Image Courtesy Phantom 8 Studios
For context, Remedy Entertainment is the Finland-based studio responsible for titles like Max Payne 1 & 2, Alan Wake, and Quantum Break. On the surface, every title is also a third-person game with an emphasis on action. Each title did something vastly different with that basic setup--like Max Payne's bullet time mechanics, and Alan Wake's use of light and dark. I bring up these examples because Past Cure, from the gameplay to the story to the level design, all looks like it’s trying to emulate the best of Remedy. Sadly, Past Cure ends more like a compromise than an homage, and feels more like a tech-demo than a full title. Past Cure wants to tell its darkly psychological story using the best and shiniest graphics at the highest fidelity. It manages to do so while sacrificing nearly every other aspect of fun gameplay.

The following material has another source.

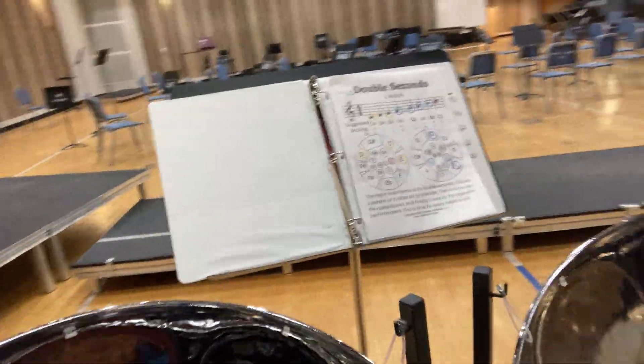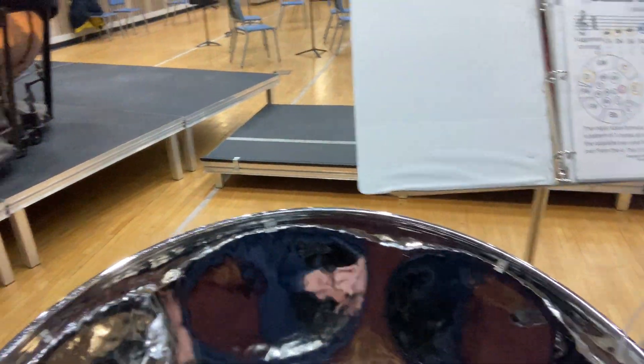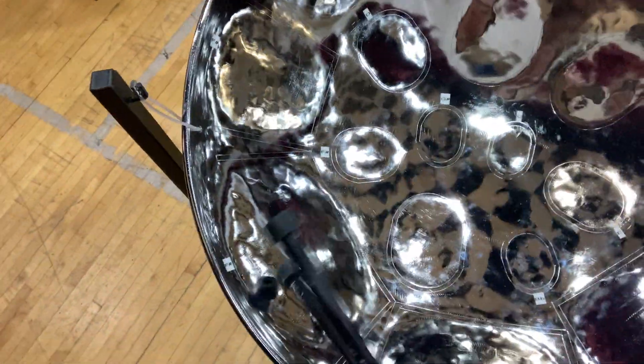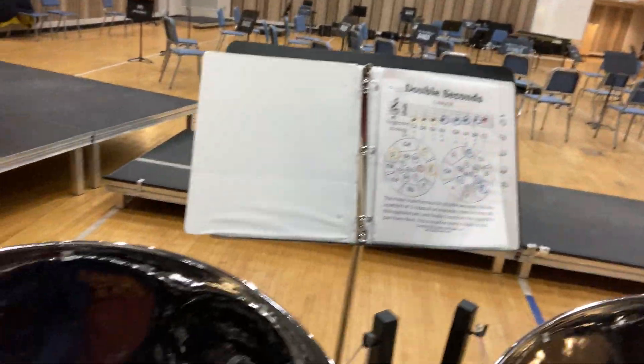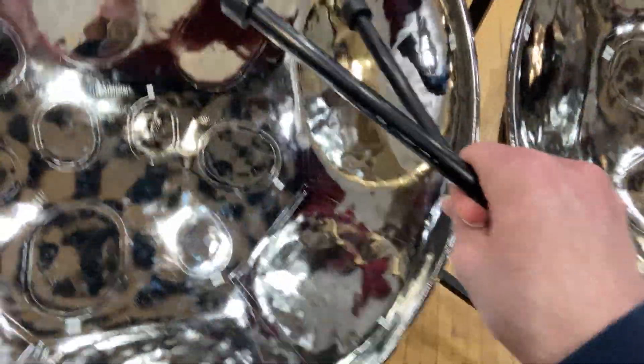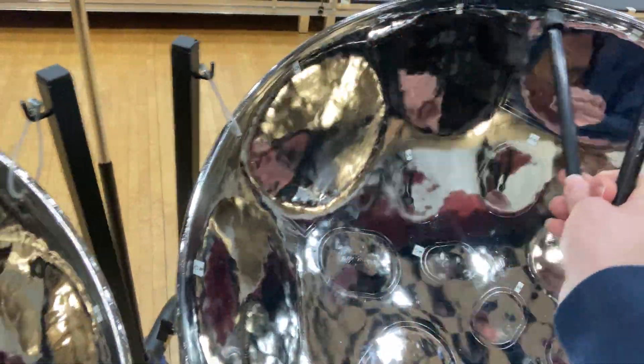So it's like E, G sharp, A, then F sharp, E, A, G sharp, and then the melody is E flat, E, C sharp, B, A, and then it can kind of go back into this. I've got some other ideas, but yeah, that's how it is right now.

Image Courtesy Phantom 8 Studios
In Past Cure, you play the role of Ian, a serious man with a serious face--and serious wrinkles. He’s an ex-soldier who went missing for three years and suddenly turned up with no memory of what happened to him. After a fairly interesting (though not really scary) nightmare level, we find Ian desperate for answers as to who took him, what they did to him, and why he now has psychic abilities.

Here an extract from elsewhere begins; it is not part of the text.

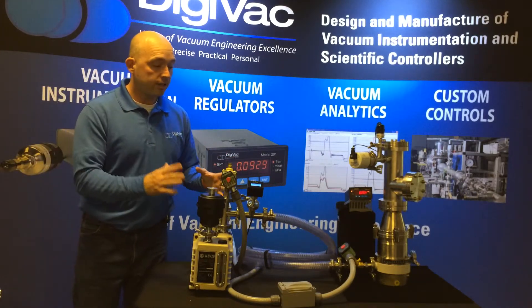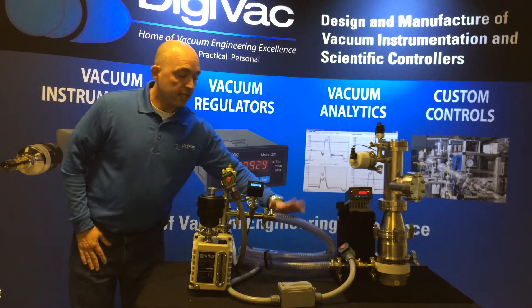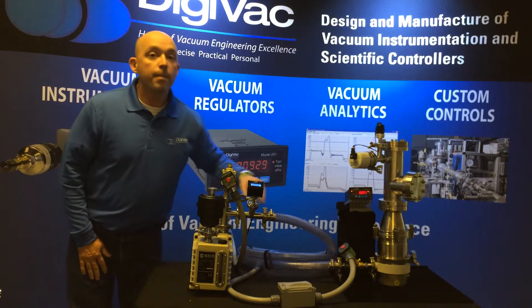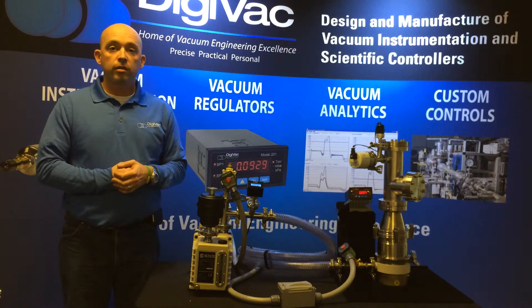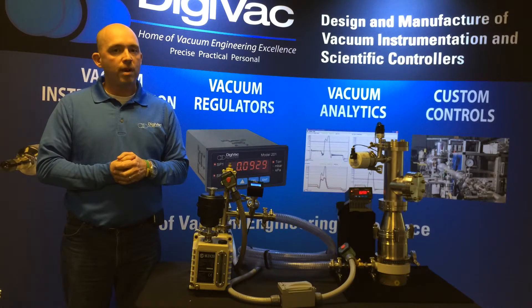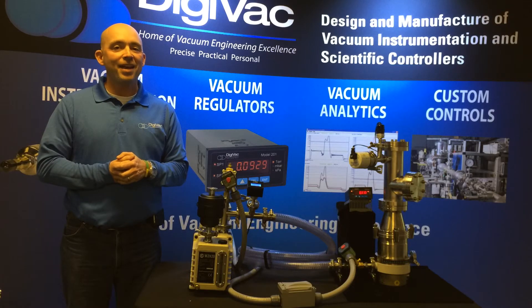Everything works as expected. The vacuum brake valve lets the foreline come up to atmosphere, and we're maintaining a pressure of 200 millitorr after this power outage. We can just go right back and start our vacuum process at a much better place. Come visit us at digivac.com, and thanks for watching.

Ian is also crazy. We know he's crazy because Ian and Marcus both tell us so several times throughout the game. In utilizing his acquired psychic powers to slow down time, or astral project, Ian further burns through his sanity. This pretty much means Ian can turn on bullet time during combat, or go into a free roaming out-of-body mode--but only to turn off cameras or turn on switches. Letting the sanity meter run out returns Ian to his normal view, albeit with a few seconds of the camera wobbling out of focus. Sanity can be restored with pills, but I spent most of the time not needing them as the meter recharges to a quarter full very quickly. The same goes for Ian’s health, making health packs almost unneeded.
Image Courtesy Phantom 8 Studios
Past Cure does feel good to play. Ian's movements are smooth and responsive, though if you're playing on PC it feels like it was designed more for a controller than a keyboard and mouse. Combat is also fairly unique, as shooting requires the use of a secondary reticle to pull off a more accurate shot, making precision more of a priority. Of course all of that is rendered moot as the gameplay is rudimentary and barren in its variety. You’ll keep shooting at the same three enemy types down the same corridors for half the game, while being forced to take a more stealthy approach through the other half for fear of being one-shotted by enemies or instantly failing the mission when you’re spotted.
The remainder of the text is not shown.